Note that the related immersion theorem, that there is an immersion $M^n \looparrowright \Bbb R^{2n-1}$, does not provide a tight bound for $n=3$, according to this page on the Manifold Atlas project: every compact $3$-manifold immerses into $\Bbb R^4$.

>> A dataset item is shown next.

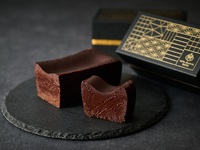 〈JRホテルメンバーズ)テリーヌショコラ　～ショコラ～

• More generally, the strongest immersion result is the (now-proven) immersion conjecture, which states that every $n$-manifold can be immersed in $\mathbb{R}^{2n-\alpha(n)}$, where $\alpha(n)$ is the number of $1$'s in the binary expansion of $n$. Perhaps the strongest embedding result has a similar form. – Sal Dec 13 '14 at 18:52
• – Sal Dec 13 '14 at 18:54
• @Sal Thanks for the references. That answers my question; if you want to make your comments into an answer I would accept it. (I wonder if $\Bbb R^{2n-\alpha(n)+1}$ is a bound on embeddings; it seems like one should be able to take an immersion and massage it into an embedding one dimension higher, but I haven't yet been able to write down a proof.) – user98602 Dec 13 '14 at 18:56

As referenced in the comments, this MathOverflow question gives the answer as no: every compact $3$-manifold embeds into $\Bbb R^5$, as proved by Wall. The Immersion theorem gives the optimal result for immersions: every compact $n$-manifold embeds into $\Bbb R^{2n-\alpha(n)}$, where $\alpha(n)$ is the number of $1$s in the $2$-adic expansion of $n$. $\Bbb{RP}^n$ cannot embed into any smaller Euclidean space, as seen by inspecting its Stiefel-Whitney classes.